# Separator for shop vac



## paxorion (Oct 19, 2012)

Thanks for the review. I have the same separator (albeit I only bought the top, not the kit) and find that at best, it is ~50-60% efficient at separation. My next venture was going to be to make a baffle. From your review, it looks like it will make a difference.


----------



## philba (Aug 23, 2014)

I think the efficiency varies with the kind of dust you are generating. Sanding creates really fine dust so the separator isn't as effective. For dust from saws, I it's much higher - with my SCMS, it looked like it got greater than 80%.. The baffle makes a huge difference.


----------



## scarpenter002 (Sep 16, 2007)

I am with you, that is deceptive marketing calling this item a "cyclone". With the components provided, I would have a hard time paying anything over $20 for it.
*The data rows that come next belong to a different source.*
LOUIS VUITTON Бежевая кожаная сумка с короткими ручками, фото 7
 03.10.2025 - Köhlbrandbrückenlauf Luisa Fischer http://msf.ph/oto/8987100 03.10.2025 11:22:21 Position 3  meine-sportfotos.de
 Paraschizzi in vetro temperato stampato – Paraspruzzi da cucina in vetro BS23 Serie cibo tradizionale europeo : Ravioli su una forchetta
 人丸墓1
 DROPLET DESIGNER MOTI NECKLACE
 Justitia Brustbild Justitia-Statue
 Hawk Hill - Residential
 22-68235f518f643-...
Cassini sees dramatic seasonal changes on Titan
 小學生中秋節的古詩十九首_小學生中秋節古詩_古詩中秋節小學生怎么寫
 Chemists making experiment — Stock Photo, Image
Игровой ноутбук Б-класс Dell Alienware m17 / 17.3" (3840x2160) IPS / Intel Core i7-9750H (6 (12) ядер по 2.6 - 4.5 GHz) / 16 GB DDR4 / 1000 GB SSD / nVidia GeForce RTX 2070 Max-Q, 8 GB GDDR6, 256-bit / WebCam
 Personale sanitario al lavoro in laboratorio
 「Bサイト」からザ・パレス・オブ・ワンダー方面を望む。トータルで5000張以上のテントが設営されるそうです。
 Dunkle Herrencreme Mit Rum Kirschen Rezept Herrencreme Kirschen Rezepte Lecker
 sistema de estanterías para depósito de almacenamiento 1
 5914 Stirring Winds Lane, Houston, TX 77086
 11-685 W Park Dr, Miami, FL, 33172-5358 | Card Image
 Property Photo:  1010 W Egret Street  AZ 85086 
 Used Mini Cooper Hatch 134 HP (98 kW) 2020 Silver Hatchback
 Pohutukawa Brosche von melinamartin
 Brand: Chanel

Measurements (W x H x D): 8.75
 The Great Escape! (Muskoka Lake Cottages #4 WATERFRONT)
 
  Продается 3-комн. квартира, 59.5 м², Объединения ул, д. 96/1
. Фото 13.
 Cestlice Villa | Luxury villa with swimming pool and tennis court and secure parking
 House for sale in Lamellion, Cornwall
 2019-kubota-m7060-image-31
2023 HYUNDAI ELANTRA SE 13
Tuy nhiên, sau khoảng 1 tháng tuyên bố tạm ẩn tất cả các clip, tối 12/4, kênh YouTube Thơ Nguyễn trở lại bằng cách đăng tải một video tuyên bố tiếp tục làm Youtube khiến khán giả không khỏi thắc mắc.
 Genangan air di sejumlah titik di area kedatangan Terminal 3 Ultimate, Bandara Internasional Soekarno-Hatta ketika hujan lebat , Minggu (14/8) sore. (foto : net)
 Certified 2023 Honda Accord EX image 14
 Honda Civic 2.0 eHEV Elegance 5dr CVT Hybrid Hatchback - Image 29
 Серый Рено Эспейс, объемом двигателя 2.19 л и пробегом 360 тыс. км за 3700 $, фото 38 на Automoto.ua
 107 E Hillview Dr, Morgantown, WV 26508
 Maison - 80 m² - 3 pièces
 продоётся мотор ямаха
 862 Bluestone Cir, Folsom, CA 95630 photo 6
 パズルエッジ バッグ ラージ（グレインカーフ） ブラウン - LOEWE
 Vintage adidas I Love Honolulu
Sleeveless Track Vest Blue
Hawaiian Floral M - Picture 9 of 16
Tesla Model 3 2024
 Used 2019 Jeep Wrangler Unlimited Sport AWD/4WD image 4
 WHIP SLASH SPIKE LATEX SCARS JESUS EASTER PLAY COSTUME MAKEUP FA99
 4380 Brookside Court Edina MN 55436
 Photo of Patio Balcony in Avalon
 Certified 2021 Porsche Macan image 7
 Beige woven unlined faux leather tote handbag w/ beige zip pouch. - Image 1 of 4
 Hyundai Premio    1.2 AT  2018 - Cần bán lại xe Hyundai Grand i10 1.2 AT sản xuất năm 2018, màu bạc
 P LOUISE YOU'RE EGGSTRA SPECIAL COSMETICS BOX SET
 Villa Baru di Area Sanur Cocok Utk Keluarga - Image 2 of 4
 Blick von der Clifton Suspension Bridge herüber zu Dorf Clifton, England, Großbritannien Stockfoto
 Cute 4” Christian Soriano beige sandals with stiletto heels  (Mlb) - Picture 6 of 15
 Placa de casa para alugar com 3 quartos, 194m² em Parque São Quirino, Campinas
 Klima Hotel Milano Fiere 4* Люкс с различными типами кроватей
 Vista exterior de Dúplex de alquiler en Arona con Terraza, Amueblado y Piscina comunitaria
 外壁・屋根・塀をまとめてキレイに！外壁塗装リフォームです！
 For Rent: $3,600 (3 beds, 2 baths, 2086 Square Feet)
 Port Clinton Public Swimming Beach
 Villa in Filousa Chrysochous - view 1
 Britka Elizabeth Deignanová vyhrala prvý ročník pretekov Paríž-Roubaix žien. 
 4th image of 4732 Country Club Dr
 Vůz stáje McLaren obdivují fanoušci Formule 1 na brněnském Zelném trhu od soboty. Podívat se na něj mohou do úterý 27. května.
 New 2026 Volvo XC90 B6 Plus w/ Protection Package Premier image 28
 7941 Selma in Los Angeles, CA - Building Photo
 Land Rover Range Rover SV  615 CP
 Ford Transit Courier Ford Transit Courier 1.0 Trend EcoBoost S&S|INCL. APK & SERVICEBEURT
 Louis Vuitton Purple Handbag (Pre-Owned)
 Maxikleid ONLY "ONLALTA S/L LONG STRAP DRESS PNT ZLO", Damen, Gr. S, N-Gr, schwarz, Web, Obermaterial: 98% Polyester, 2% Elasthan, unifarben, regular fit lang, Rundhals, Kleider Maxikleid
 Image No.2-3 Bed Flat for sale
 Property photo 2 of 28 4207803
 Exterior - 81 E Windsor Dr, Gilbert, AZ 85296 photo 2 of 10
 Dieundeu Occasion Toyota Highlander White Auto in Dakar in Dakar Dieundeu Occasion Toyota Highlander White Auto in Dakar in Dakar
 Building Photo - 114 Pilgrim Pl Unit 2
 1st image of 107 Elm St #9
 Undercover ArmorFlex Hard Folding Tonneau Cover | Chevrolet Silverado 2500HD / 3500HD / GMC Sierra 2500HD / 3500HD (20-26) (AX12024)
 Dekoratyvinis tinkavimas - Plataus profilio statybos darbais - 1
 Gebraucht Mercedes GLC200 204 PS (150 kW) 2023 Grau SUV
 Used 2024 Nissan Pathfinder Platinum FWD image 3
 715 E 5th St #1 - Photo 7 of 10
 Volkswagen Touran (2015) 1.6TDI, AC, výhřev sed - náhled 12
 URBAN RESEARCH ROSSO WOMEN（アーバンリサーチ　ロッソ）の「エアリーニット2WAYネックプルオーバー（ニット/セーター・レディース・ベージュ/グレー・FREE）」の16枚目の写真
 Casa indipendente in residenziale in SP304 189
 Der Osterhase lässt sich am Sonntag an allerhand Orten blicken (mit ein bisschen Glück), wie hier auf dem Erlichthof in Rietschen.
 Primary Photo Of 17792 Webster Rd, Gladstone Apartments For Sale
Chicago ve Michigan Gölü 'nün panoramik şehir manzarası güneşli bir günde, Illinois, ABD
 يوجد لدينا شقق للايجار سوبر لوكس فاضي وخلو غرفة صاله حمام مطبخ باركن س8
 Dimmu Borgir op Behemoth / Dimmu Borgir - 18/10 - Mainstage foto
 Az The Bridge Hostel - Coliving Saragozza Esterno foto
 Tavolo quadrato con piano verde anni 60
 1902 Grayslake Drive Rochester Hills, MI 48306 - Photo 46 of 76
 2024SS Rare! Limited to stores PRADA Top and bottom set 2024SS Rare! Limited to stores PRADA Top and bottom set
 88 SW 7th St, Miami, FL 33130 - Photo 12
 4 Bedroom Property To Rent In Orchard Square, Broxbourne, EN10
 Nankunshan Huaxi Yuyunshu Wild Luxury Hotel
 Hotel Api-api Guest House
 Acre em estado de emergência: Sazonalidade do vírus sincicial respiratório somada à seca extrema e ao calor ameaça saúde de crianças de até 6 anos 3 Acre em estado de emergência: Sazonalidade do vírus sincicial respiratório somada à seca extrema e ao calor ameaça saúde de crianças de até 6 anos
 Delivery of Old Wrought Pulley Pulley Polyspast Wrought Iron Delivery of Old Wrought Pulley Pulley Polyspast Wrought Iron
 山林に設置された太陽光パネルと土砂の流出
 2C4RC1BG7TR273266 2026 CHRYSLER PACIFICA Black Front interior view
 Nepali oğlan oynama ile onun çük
Thanks for the review and write-up. Your time is appreciated.


----------



## philba (Aug 23, 2014)

Actually, the parts it comes with are worth a fair bit more than $20. It has two of those "dust collection hose, stay-put" thingies (aka flex goose neck) - each retails for $17. Though, I really only needed one and I cut it down to about 1 ft in length. The retail cost of all the components definitely is more than $50 though I only used about half of them. I'd probably do it again.


----------